Please copy out the entries below exactly, beginning with the line that contains "X0000080731345200701121900" and ending with the line that contains "Darren Roberts: Darren", and include nothing outside that span.
Data shown START
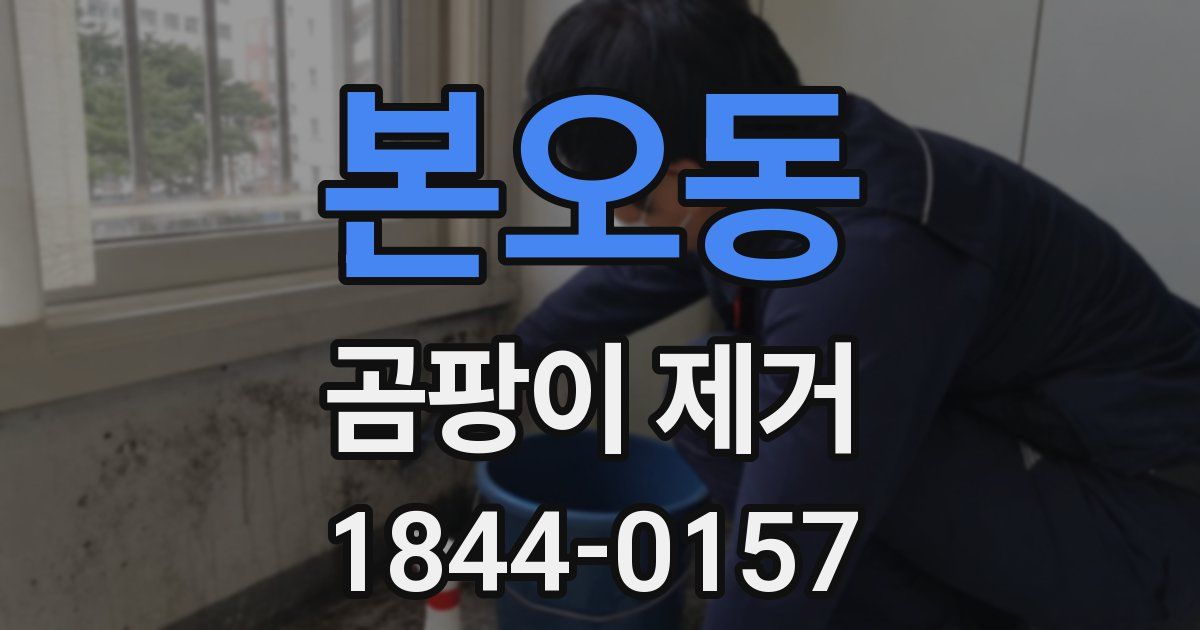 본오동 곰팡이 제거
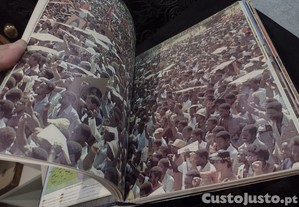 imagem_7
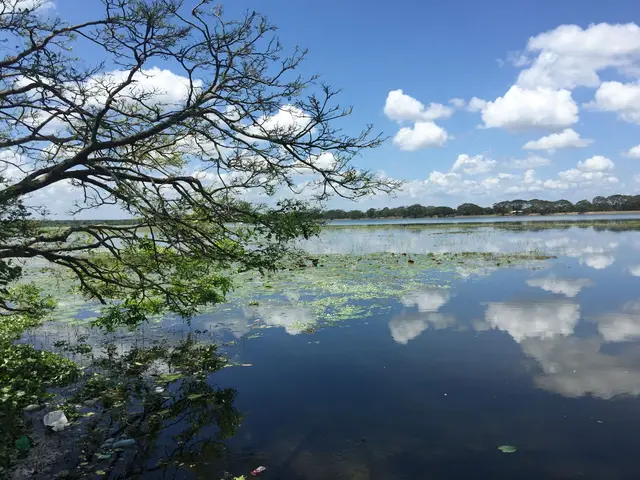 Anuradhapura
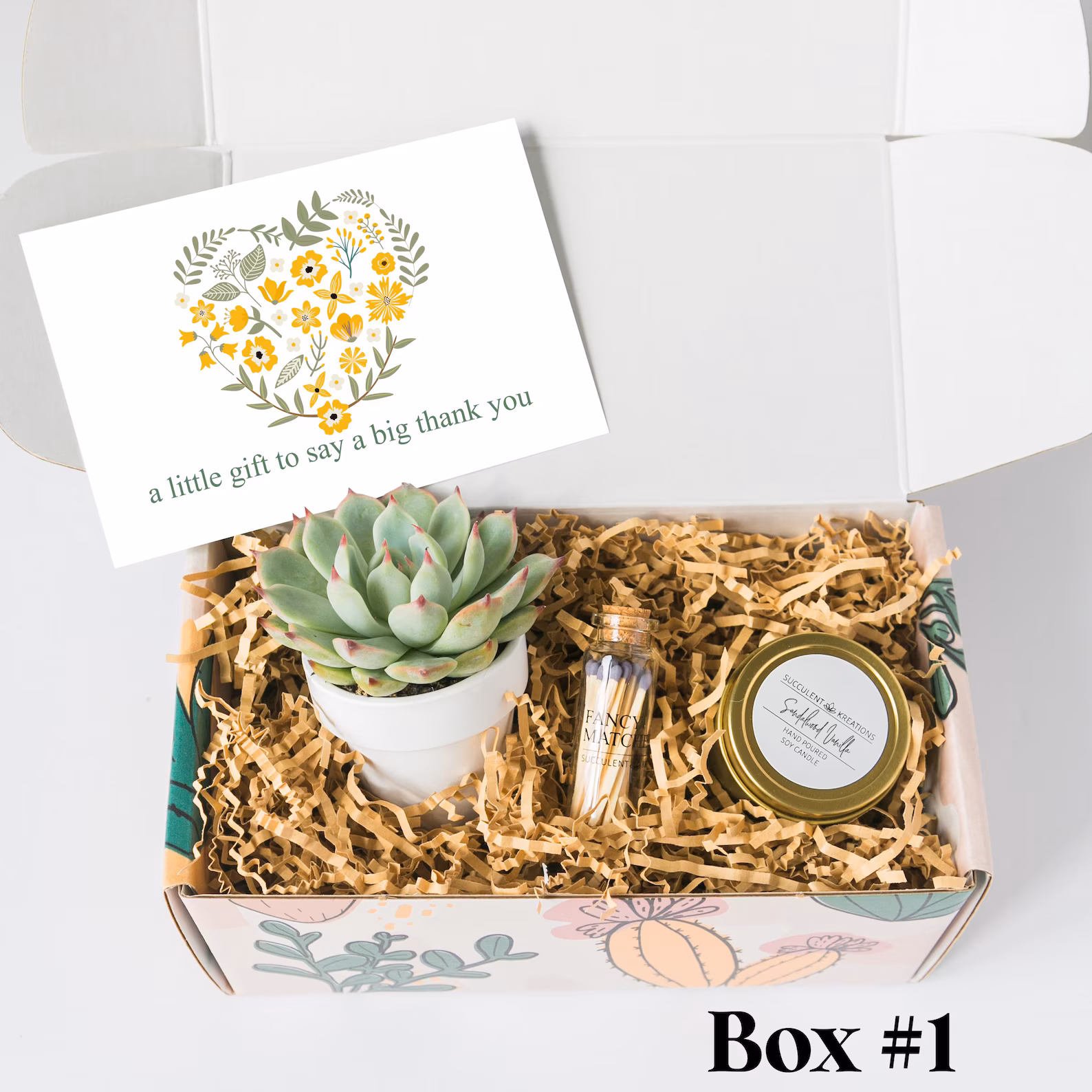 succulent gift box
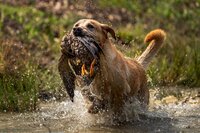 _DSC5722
Data shown END
Data shown START
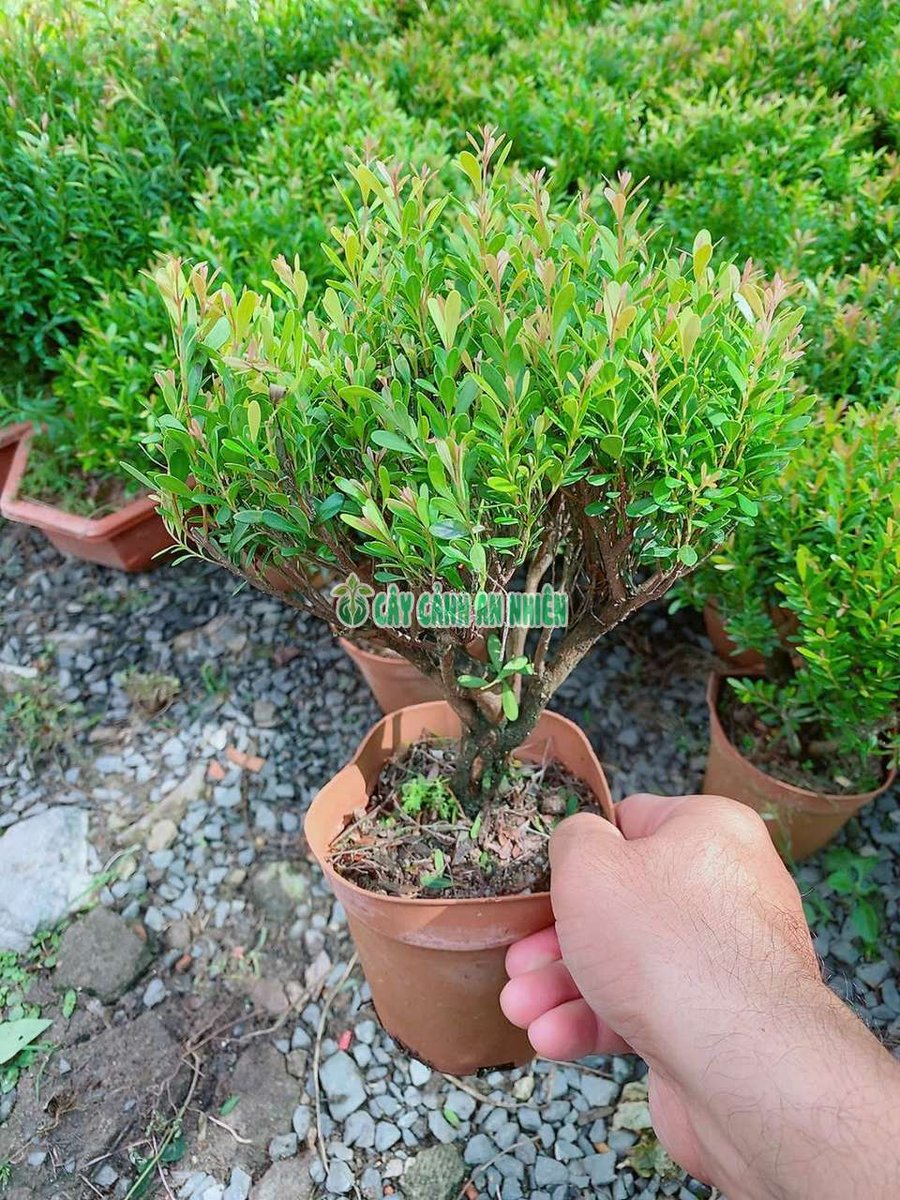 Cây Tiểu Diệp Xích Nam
Data shown END
Data shown START
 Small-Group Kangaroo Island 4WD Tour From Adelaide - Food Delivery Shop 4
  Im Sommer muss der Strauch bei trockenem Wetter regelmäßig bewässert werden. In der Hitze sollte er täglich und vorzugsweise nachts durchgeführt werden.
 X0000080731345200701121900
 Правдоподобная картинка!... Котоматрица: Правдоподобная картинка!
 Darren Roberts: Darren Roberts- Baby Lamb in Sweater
Data shown END
- Expected answer -
 X0000080731345200701121900
 Правдоподобная картинка!... Котоматрица: Правдоподобная картинка!
 Darren Roberts: Darren Roberts- Baby Lamb in Sweater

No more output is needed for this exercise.